For auditors, this translates into direct access to cryptographic evidence of non-manipulation that allows the chronological integrity of the file to be checked without depending on internal documentary folders. ISBE integrates regulatory compliance by design, aligned with the eIDAS2 Regulation, which guarantees the cross-border legal validity of records. Blockchain traceability applied to public procurement strengthens transparency, reduces verification times and frees up resources so that control bodies can focus on analysing legality, efficiency and impact.
Do you manage public procurement files and need to guarantee their traceability for European audits?
Discover how ISBE makes it possible to register every milestone of your public procurement processes with immutability, timestamping and legal validity. We invite you to watch the ISBE video to learn in detail how the infrastructure works, its real use cases and the impact it is already generating in administrations and companies.
Frequently asked questions about innovation procurement and PPI
What is the difference between public procurement of innovation and an ordinary tender?
In an ordinary tender, the administration acquires goods or services already available on the market and competition focuses on price. In PPI, the starting point is a need that existing solutions do not cover. The administration defines open functional specifications, uses preparatory instruments such as preliminary market consultations and may share R&D risks with participating companies.
How does ISBE blockchain help a public procurement auditor?
ISBE provides an immutable register of every milestone in the file with timestamping and verifiable authorship. This makes it possible to verify the chronological integrity of documentation without depending on dispersed internal files. The auditor gains access to cryptographic evidence of non-manipulation, reducing verification time and providing greater legal certainty in the face of possible discrepancies between document versions.
What is the early demand map in the PPI process?
The early demand map (MDT) is an instrument through which the administration identifies and publishes its future innovation needs before starting tenders. It describes challenges in functional terms so that companies and technology centres can anticipate solutions. It also facilitates the aggregation of demand among different administrations sharing similar needs.
Is it mandatory for pre-commercial procurement (PCP) to include traceability of results?

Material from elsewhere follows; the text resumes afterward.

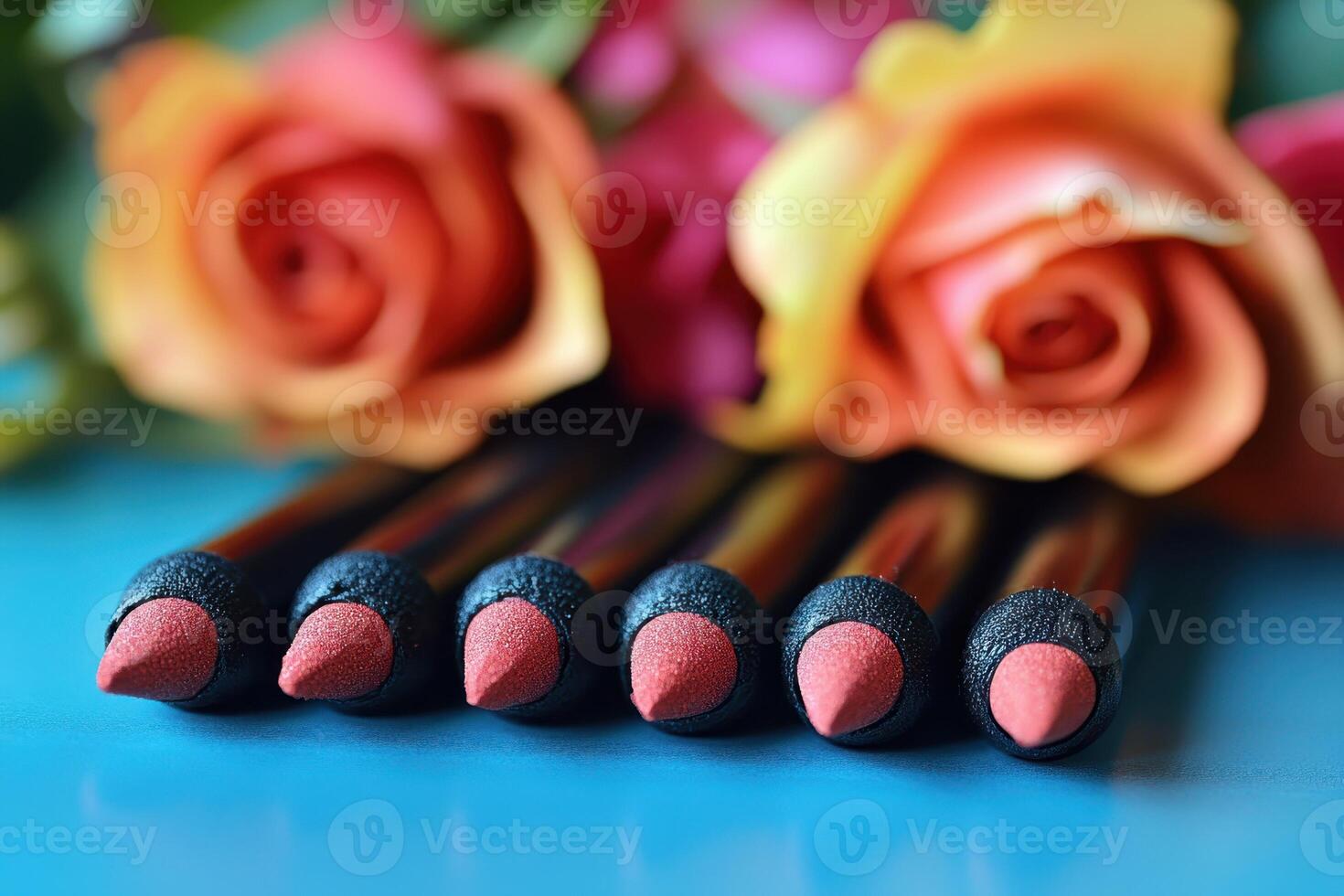 Sleek black eyeliner pencils, with a blurred bouquet of roses behind. Professional shot showcasing the elegance and sophistication of the eyeliner pencils. photo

Spanish and European regulations do not require the use of a specific technology to guarantee traceability. However, they do impose obligations of documentation, transparency and archiving, especially when co-financing with European funds is involved. Adopting infrastructures such as ISBE is therefore a decision aimed at improving efficiency and legal certainty, rather than compliance with a specific technological mandate.
Can an SME participate in innovation procurement with the same guarantees as a large company?
Yes. Directive 2014/24/EU and the LCSP encourage SME participation through division into lots, reduced administrative burdens and the early publication of needs. Subcontracting and alliances with other companies are also facilitated. Despite these legal guarantees, practical barriers to access remain and require specific support and training programmes.